- _Work instruction_: The complete set of records below must be repeated precisely as given.

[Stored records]
☆ ☆ ☆ ☆ ☆ ☆ ☆

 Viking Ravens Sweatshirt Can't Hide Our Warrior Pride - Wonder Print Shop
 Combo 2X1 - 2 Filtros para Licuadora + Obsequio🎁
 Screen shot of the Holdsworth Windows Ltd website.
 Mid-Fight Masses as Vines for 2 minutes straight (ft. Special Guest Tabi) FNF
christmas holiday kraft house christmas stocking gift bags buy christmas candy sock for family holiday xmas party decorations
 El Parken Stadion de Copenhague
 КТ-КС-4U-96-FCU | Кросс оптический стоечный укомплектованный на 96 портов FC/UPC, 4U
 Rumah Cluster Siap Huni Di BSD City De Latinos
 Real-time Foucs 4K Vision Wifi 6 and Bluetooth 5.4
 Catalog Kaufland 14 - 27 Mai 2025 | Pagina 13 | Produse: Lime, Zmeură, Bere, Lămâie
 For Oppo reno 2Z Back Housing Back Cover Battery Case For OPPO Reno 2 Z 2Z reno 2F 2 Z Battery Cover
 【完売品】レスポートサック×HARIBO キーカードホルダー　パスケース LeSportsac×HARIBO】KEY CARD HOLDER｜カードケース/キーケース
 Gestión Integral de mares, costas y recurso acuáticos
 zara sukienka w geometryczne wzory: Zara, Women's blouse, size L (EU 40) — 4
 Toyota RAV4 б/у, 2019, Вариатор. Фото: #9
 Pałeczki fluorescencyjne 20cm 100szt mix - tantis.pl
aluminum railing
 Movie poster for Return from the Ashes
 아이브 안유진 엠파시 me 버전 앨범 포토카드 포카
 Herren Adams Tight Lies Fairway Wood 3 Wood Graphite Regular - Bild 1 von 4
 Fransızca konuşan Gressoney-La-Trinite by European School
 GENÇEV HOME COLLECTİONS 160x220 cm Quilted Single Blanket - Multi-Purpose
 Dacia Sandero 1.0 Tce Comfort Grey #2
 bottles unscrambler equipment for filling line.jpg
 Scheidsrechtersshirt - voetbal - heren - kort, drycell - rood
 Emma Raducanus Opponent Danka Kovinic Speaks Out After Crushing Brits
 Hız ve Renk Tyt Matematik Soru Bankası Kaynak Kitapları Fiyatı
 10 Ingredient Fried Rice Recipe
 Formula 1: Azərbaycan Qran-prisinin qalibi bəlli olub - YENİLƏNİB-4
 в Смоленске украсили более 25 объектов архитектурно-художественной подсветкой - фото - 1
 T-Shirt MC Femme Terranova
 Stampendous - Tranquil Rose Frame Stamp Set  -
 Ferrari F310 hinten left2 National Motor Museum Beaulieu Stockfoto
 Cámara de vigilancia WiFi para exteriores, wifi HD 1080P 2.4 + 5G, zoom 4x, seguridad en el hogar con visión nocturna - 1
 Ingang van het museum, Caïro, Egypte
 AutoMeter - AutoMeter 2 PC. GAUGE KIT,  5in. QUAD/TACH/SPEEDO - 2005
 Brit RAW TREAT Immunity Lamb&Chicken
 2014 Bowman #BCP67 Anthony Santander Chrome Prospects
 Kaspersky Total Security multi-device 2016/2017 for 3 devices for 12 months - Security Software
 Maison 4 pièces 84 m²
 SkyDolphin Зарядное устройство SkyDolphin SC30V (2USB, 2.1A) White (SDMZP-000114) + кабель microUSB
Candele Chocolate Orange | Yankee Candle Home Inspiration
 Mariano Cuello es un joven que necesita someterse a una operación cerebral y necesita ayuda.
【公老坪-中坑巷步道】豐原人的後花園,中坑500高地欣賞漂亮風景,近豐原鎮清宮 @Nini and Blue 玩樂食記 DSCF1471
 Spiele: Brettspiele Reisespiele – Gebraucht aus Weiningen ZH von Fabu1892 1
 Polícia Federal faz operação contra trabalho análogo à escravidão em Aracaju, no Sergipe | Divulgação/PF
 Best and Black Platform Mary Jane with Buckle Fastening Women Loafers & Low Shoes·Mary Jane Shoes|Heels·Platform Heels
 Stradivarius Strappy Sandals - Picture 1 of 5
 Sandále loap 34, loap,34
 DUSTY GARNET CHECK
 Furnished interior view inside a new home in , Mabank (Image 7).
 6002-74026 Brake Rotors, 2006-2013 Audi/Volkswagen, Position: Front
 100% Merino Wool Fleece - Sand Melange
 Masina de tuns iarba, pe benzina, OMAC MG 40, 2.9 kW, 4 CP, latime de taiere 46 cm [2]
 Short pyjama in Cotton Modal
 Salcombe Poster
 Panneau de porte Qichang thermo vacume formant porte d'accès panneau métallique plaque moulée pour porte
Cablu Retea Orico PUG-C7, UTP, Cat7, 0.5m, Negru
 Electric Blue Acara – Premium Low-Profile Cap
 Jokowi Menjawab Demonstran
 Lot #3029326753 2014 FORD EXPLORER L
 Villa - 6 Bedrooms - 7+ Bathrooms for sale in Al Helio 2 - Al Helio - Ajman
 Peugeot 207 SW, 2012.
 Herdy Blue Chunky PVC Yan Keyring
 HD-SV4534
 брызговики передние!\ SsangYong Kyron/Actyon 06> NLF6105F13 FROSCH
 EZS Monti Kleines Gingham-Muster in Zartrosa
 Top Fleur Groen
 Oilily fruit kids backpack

☆ ☆ ☆ ☆ ☆ ☆ ☆

- _Solved exercise_:
 Viking Ravens Sweatshirt Can't Hide Our Warrior Pride - Wonder Print Shop
 Combo 2X1 - 2 Filtros para Licuadora + Obsequio🎁
 Screen shot of the Holdsworth Windows Ltd website.
 Mid-Fight Masses as Vines for 2 minutes straight (ft. Special Guest Tabi) FNF
christmas holiday kraft house christmas stocking gift bags buy christmas candy sock for family holiday xmas party decorations
 El Parken Stadion de Copenhague
 КТ-КС-4U-96-FCU | Кросс оптический стоечный укомплектованный на 96 портов FC/UPC, 4U
 Rumah Cluster Siap Huni Di BSD City De Latinos
 Real-time Foucs 4K Vision Wifi 6 and Bluetooth 5.4
 Catalog Kaufland 14 - 27 Mai 2025 | Pagina 13 | Produse: Lime, Zmeură, Bere, Lămâie
 For Oppo reno 2Z Back Housing Back Cover Battery Case For OPPO Reno 2 Z 2Z reno 2F 2 Z Battery Cover
 【完売品】レスポートサック×HARIBO キーカードホルダー　パスケース LeSportsac×HARIBO】KEY CARD HOLDER｜カードケース/キーケース
 Gestión Integral de mares, costas y recurso acuáticos
 zara sukienka w geometryczne wzory: Zara, Women's blouse, size L (EU 40) — 4
 Toyota RAV4 б/у, 2019, Вариатор. Фото: #9
 Pałeczki fluorescencyjne 20cm 100szt mix - tantis.pl
aluminum railing
 Movie poster for Return from the Ashes
 아이브 안유진 엠파시 me 버전 앨범 포토카드 포카
 Herren Adams Tight Lies Fairway Wood 3 Wood Graphite Regular - Bild 1 von 4
 Fransızca konuşan Gressoney-La-Trinite by European School
 GENÇEV HOME COLLECTİONS 160x220 cm Quilted Single Blanket - Multi-Purpose
 Dacia Sandero 1.0 Tce Comfort Grey #2
 bottles unscrambler equipment for filling line.jpg
 Scheidsrechtersshirt - voetbal - heren - kort, drycell - rood
 Emma Raducanus Opponent Danka Kovinic Speaks Out After Crushing Brits
 Hız ve Renk Tyt Matematik Soru Bankası Kaynak Kitapları Fiyatı
 10 Ingredient Fried Rice Recipe
 Formula 1: Azərbaycan Qran-prisinin qalibi bəlli olub - YENİLƏNİB-4
 в Смоленске украсили более 25 объектов архитектурно-художественной подсветкой - фото - 1
 T-Shirt MC Femme Terranova
 Stampendous - Tranquil Rose Frame Stamp Set  -
 Ferrari F310 hinten left2 National Motor Museum Beaulieu Stockfoto
 Cámara de vigilancia WiFi para exteriores, wifi HD 1080P 2.4 + 5G, zoom 4x, seguridad en el hogar con visión nocturna - 1
 Ingang van het museum, Caïro, Egypte
 AutoMeter - AutoMeter 2 PC. GAUGE KIT,  5in. QUAD/TACH/SPEEDO - 2005
 Brit RAW TREAT Immunity Lamb&Chicken
 2014 Bowman #BCP67 Anthony Santander Chrome Prospects
 Kaspersky Total Security multi-device 2016/2017 for 3 devices for 12 months - Security Software
 Maison 4 pièces 84 m²
 SkyDolphin Зарядное устройство SkyDolphin SC30V (2USB, 2.1A) White (SDMZP-000114) + кабель microUSB
Candele Chocolate Orange | Yankee Candle Home Inspiration
 Mariano Cuello es un joven que necesita someterse a una operación cerebral y necesita ayuda.
【公老坪-中坑巷步道】豐原人的後花園,中坑500高地欣賞漂亮風景,近豐原鎮清宮 @Nini and Blue 玩樂食記 DSCF1471
 Spiele: Brettspiele Reisespiele – Gebraucht aus Weiningen ZH von Fabu1892 1
 Polícia Federal faz operação contra trabalho análogo à escravidão em Aracaju, no Sergipe | Divulgação/PF
 Best and Black Platform Mary Jane with Buckle Fastening Women Loafers & Low Shoes·Mary Jane Shoes|Heels·Platform Heels
 Stradivarius Strappy Sandals - Picture 1 of 5
 Sandále loap 34, loap,34
 DUSTY GARNET CHECK
 Furnished interior view inside a new home in , Mabank (Image 7).
 6002-74026 Brake Rotors, 2006-2013 Audi/Volkswagen, Position: Front
 100% Merino Wool Fleece - Sand Melange
 Masina de tuns iarba, pe benzina, OMAC MG 40, 2.9 kW, 4 CP, latime de taiere 46 cm [2]
 Short pyjama in Cotton Modal
 Salcombe Poster
 Panneau de porte Qichang thermo vacume formant porte d'accès panneau métallique plaque moulée pour porte
Cablu Retea Orico PUG-C7, UTP, Cat7, 0.5m, Negru
 Electric Blue Acara – Premium Low-Profile Cap
 Jokowi Menjawab Demonstran
 Lot #3029326753 2014 FORD EXPLORER L
 Villa - 6 Bedrooms - 7+ Bathrooms for sale in Al Helio 2 - Al Helio - Ajman
 Peugeot 207 SW, 2012.
 Herdy Blue Chunky PVC Yan Keyring
 HD-SV4534
 брызговики передние!\ SsangYong Kyron/Actyon 06> NLF6105F13 FROSCH
 EZS Monti Kleines Gingham-Muster in Zartrosa
 Top Fleur Groen
 Oilily fruit kids backpack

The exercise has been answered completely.